A $55,000 bitcoin price tag sounds rough if you bought above $80,000. But Markus Thielen — founder of 10x Research, whose institutional clients manage over $142 billion in assets — says that’s where the cycle bottom likely forms. Thielen called the 2022 bitcoin low before consensus caught up. Now his macro models point to a break below $60,000, with the real floor somewhere in the mid-$50,000s. The culprit isn’t crypto drama. It’s the U.S. dollar, and it’s not done squeezing.
The Dollar Is the Enemy Right Now
A rising greenback acts like a gravity well for bitcoin, and right now it’s pulling hard.
The mechanics are straightforward, even if the pain isn’t:
- The U.S. Dollar Index (DXY) — measuring dollar strength against a basket of major currencies — moves inversely to bitcoin. When DXY climbs, bitcoin tends to fall, according to analysis from Coinglass.
- A muscular dollar pushes Treasury yields higher, making risk-free cash more attractive than volatile assets like bitcoin. Capital flows accordingly.
- DXY above roughly 100 is widely treated as a bearish signal for crypto, per Binance market analysis. It currently sits near 97.6 — close enough to feel the draft.
- Thielen flags hawkish Fed risk, with markets increasingly debating whether the next move is a rate hike rather than a cut.
- His internal global liquidity model flagged a buy signal in March and an exit in April. Both proved timely. That same model now points to late August as the next potential inflection.
If you’re waiting for bitcoin to bounce off some crypto-native catalyst, Thielen’s framework suggests you’re watching the wrong screen. Think of DXY as the tide level — and right now, the tide is going out.
“The implication is patience now, attention in late August.” — Markus Thielen, 10x Research
September has historically been bitcoin’s weakest month. Fed meetings in September and October add volatility. Midterm election dynamics — which Thielen noted in a CoinDesk appearance tend to coincide with poor U.S. stock performance — compound the pressure. A Treasury refunding announcement in early November could finally shift risk appetite. Until then, the macro calendar offers headwinds, not help.
A Bottom Isn’t the End of the Story
Thielen’s cautious near-term view coexists with dramatically higher long-term price targets.
While $55,000 reads like capitulation, Thielen hasn’t abandoned bitcoin’s bigger arc. His longer-term projections include $140,000–$142,000 by end-2025 and a possible $200,000 scenario in 2026 — contingent on sustained ETF inflows and a meaningful liquidity reversal. Near-term, however, he has warned of “institutional fatigue” in bitcoin ETFs and flagged declining enthusiasm from institutional allocators as reasons to expect a deeper correction before those targets become relevant.

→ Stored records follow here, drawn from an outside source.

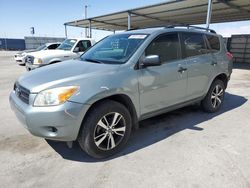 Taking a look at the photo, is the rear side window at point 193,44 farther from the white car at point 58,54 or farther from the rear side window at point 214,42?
the white car at point 58,54

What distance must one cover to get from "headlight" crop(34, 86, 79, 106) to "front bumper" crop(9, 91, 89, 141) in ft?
0.19

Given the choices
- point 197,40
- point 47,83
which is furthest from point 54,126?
point 197,40

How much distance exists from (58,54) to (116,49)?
5801 millimetres

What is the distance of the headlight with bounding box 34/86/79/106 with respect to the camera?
8.73 ft

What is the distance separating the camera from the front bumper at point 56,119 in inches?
104

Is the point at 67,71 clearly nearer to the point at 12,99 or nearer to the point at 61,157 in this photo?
the point at 12,99

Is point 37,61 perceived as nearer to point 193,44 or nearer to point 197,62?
point 193,44

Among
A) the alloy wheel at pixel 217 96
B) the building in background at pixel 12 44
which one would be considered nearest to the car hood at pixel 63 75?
the alloy wheel at pixel 217 96

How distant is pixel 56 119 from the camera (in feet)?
8.67

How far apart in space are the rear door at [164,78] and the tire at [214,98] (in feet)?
3.31

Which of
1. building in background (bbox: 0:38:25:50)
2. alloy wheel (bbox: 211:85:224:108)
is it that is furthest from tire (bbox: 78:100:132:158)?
building in background (bbox: 0:38:25:50)

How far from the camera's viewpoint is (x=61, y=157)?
3.14m

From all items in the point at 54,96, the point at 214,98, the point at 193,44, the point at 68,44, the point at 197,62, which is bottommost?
the point at 214,98

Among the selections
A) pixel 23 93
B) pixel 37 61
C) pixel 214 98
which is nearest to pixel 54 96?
pixel 23 93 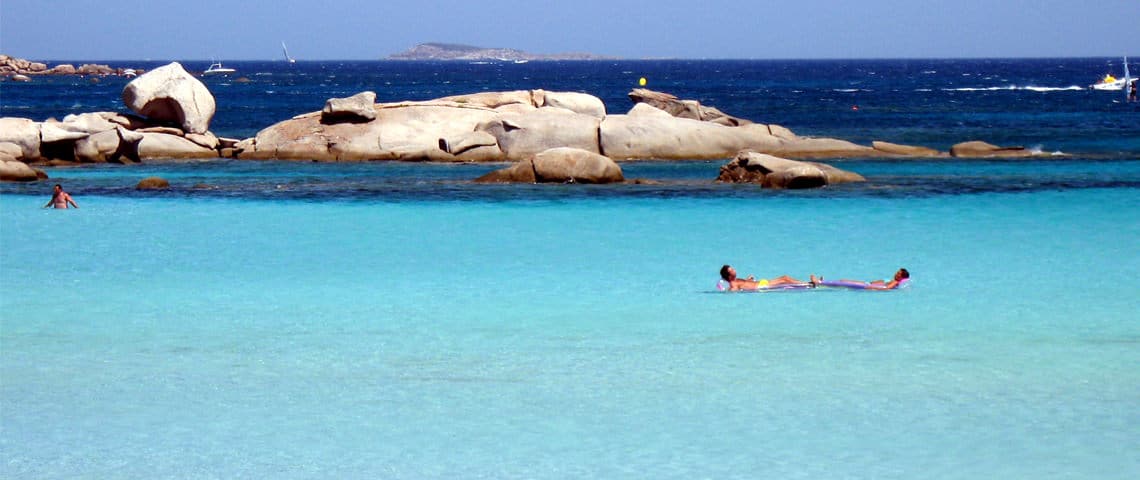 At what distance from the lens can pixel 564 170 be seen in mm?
33969

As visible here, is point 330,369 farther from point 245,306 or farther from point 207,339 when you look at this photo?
point 245,306

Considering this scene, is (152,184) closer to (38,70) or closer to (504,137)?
(504,137)

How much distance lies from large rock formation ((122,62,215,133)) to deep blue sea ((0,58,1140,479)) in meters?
9.60

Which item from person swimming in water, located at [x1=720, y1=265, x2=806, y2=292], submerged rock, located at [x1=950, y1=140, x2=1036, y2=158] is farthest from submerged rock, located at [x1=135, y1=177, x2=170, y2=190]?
submerged rock, located at [x1=950, y1=140, x2=1036, y2=158]

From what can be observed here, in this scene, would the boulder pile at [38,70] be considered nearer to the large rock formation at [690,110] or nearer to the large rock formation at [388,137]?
the large rock formation at [690,110]

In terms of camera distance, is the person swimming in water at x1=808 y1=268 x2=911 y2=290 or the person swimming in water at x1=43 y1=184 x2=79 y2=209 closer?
the person swimming in water at x1=808 y1=268 x2=911 y2=290

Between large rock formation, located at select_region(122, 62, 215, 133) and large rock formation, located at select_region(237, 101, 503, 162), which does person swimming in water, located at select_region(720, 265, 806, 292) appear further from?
large rock formation, located at select_region(122, 62, 215, 133)

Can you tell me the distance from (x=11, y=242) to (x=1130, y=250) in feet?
61.1

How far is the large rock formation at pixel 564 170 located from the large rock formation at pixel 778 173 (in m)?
2.65

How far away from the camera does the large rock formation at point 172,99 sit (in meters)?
42.5

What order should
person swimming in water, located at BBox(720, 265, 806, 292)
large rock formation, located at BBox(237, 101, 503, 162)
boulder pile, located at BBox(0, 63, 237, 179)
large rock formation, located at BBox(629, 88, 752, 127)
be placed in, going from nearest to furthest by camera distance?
person swimming in water, located at BBox(720, 265, 806, 292)
boulder pile, located at BBox(0, 63, 237, 179)
large rock formation, located at BBox(237, 101, 503, 162)
large rock formation, located at BBox(629, 88, 752, 127)

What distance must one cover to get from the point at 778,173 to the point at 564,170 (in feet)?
15.9

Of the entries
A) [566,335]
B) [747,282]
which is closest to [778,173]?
[747,282]

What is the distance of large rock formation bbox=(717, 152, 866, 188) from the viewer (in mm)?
32875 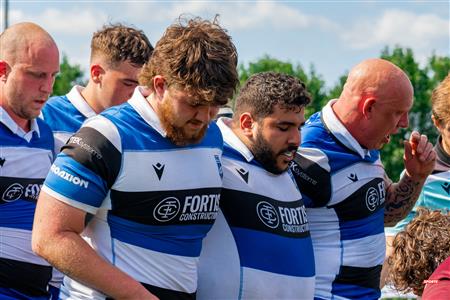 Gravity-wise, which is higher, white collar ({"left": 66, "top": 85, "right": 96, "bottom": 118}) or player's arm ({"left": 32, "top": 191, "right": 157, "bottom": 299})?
white collar ({"left": 66, "top": 85, "right": 96, "bottom": 118})

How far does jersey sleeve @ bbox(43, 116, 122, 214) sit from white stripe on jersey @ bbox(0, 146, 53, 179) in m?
1.11

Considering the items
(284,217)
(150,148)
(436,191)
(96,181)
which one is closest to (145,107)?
(150,148)

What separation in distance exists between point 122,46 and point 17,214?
172cm

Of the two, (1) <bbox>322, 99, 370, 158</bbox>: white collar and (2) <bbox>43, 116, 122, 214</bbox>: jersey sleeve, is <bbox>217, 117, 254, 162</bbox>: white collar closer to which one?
(1) <bbox>322, 99, 370, 158</bbox>: white collar

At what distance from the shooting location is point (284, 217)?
17.1 feet

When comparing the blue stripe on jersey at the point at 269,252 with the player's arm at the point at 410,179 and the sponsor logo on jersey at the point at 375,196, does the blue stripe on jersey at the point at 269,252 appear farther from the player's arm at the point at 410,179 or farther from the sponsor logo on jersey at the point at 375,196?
the player's arm at the point at 410,179

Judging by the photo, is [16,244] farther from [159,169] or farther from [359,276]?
[359,276]

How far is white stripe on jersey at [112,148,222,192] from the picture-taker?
438 centimetres

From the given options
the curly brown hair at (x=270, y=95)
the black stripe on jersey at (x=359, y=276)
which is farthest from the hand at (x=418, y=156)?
the curly brown hair at (x=270, y=95)

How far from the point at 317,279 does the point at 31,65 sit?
206cm

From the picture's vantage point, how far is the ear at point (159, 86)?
455 centimetres

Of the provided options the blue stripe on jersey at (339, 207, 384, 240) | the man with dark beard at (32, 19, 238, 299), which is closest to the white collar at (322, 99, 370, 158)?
the blue stripe on jersey at (339, 207, 384, 240)

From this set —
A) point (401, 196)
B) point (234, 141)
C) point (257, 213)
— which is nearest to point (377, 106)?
point (401, 196)

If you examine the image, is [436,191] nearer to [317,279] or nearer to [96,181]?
[317,279] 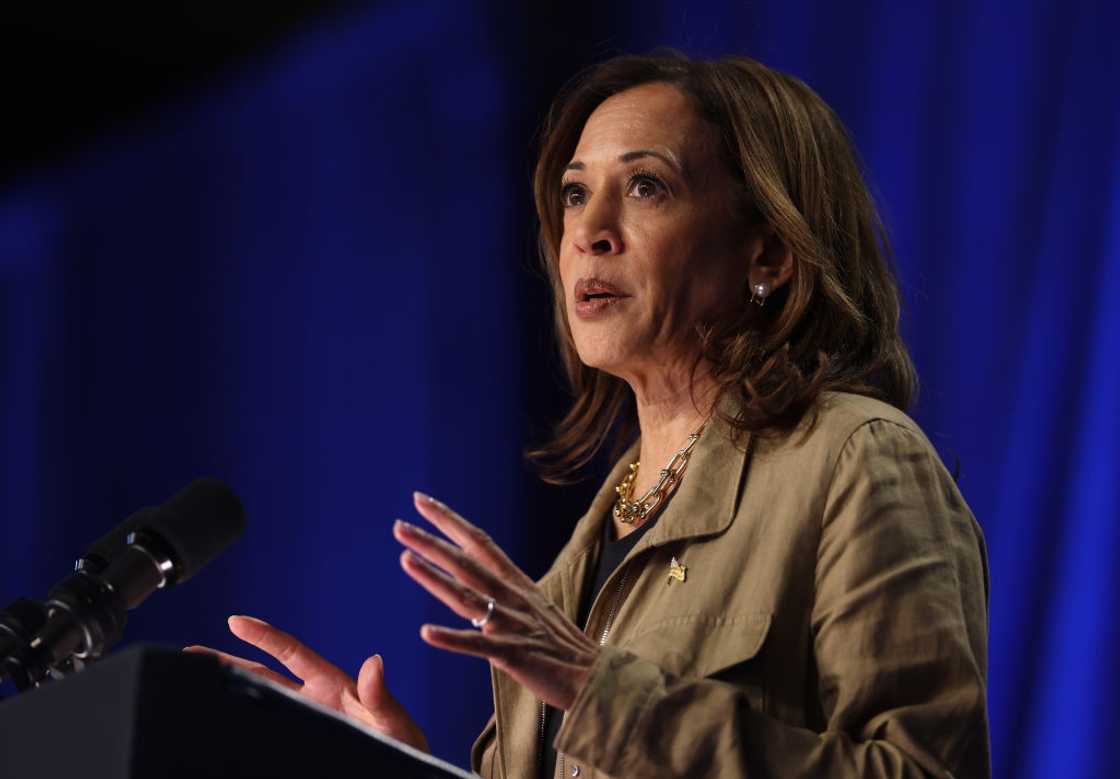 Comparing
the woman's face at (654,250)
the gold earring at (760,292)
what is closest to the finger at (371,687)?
the woman's face at (654,250)

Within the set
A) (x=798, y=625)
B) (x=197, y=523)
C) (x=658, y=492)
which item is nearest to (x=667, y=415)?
(x=658, y=492)

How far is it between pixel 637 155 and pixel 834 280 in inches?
13.0

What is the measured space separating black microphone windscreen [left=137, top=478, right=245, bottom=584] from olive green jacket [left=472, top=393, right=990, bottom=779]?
0.36 m

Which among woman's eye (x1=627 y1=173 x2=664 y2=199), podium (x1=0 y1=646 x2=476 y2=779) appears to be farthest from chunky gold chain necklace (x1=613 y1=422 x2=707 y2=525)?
podium (x1=0 y1=646 x2=476 y2=779)

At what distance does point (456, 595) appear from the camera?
132 centimetres

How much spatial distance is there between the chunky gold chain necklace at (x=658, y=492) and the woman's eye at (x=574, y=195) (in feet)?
1.24

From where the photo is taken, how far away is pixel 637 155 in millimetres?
2037

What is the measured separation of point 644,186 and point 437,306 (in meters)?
1.61

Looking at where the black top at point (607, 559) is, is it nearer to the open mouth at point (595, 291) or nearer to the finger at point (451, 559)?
the open mouth at point (595, 291)

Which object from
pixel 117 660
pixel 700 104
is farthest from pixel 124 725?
pixel 700 104

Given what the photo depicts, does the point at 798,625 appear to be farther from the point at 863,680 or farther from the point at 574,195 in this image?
the point at 574,195

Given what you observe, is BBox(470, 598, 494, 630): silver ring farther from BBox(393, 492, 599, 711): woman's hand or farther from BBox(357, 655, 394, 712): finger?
BBox(357, 655, 394, 712): finger

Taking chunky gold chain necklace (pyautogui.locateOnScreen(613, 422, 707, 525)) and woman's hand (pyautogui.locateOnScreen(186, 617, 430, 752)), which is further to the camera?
chunky gold chain necklace (pyautogui.locateOnScreen(613, 422, 707, 525))

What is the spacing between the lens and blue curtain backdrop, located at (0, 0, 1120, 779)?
2.49 metres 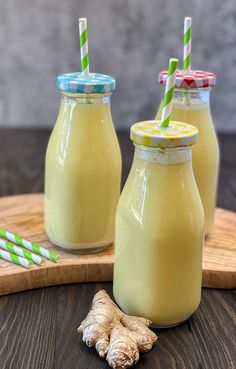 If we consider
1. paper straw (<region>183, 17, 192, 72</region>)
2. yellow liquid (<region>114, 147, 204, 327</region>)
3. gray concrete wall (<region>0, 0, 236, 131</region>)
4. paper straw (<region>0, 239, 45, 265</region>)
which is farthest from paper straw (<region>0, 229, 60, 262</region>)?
gray concrete wall (<region>0, 0, 236, 131</region>)

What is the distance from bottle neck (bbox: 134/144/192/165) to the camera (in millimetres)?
772

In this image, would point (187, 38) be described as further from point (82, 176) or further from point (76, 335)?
point (76, 335)

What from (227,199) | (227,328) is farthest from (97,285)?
(227,199)

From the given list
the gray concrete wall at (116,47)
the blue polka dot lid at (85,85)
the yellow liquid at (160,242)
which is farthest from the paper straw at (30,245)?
the gray concrete wall at (116,47)

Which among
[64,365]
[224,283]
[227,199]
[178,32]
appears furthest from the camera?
[178,32]

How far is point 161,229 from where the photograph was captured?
786 millimetres

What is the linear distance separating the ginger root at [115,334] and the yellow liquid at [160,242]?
36 millimetres

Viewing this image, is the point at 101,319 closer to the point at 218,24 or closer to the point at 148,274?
the point at 148,274

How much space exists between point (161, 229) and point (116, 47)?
123cm

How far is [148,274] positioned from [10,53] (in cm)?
130

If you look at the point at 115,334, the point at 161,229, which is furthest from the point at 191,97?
the point at 115,334

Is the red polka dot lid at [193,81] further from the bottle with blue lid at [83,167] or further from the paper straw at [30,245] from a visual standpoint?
the paper straw at [30,245]

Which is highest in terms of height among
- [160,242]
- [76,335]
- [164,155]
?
[164,155]

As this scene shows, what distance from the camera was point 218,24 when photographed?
190cm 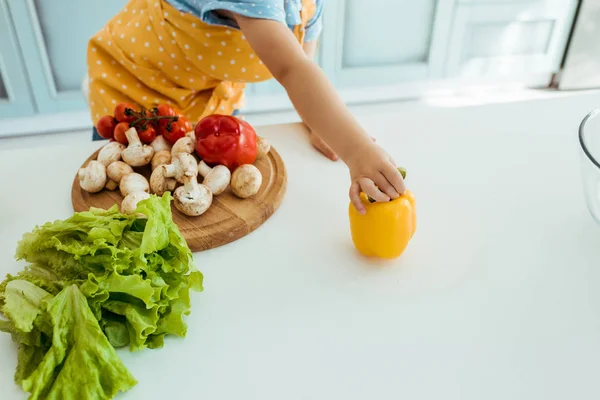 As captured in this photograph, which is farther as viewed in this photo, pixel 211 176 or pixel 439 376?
pixel 211 176

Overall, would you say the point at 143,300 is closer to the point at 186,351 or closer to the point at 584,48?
the point at 186,351

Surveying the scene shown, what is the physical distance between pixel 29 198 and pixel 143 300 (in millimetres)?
404

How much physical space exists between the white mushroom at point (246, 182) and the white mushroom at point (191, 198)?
58 mm

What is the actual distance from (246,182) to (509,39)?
209cm

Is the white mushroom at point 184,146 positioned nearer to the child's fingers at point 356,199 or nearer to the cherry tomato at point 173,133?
the cherry tomato at point 173,133

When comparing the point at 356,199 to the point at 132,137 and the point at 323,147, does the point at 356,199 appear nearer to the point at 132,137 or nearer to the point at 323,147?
the point at 323,147

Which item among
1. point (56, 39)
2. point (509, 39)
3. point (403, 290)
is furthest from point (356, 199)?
point (509, 39)

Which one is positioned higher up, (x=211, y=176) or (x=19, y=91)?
(x=211, y=176)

“A real possibility that we are entering a longer-term bear market.” — Markus Thielen, 10x Research (CoinDesk interview)
Not everyone agrees with the $55,000 thesis. Analysts at firms including CoinDesk Research point to post-halving supply constraints and ongoing ETF adoption as potential buffers against that level of drawdown, relying on crypto-native signals rather than macro frameworks. The disagreement matters: whether you treat DXY or on-chain flows as your primary compass shapes everything about your entry timing and risk tolerance.
Your practical checklist: watch the Dollar Index, the September and October Fed meetings, and Thielen’s late-August liquidity window. If his 2022 cycle-low call is any guide, the patience he’s prescribing may prove worth the discomfort — but $60,000 is not the floor yet.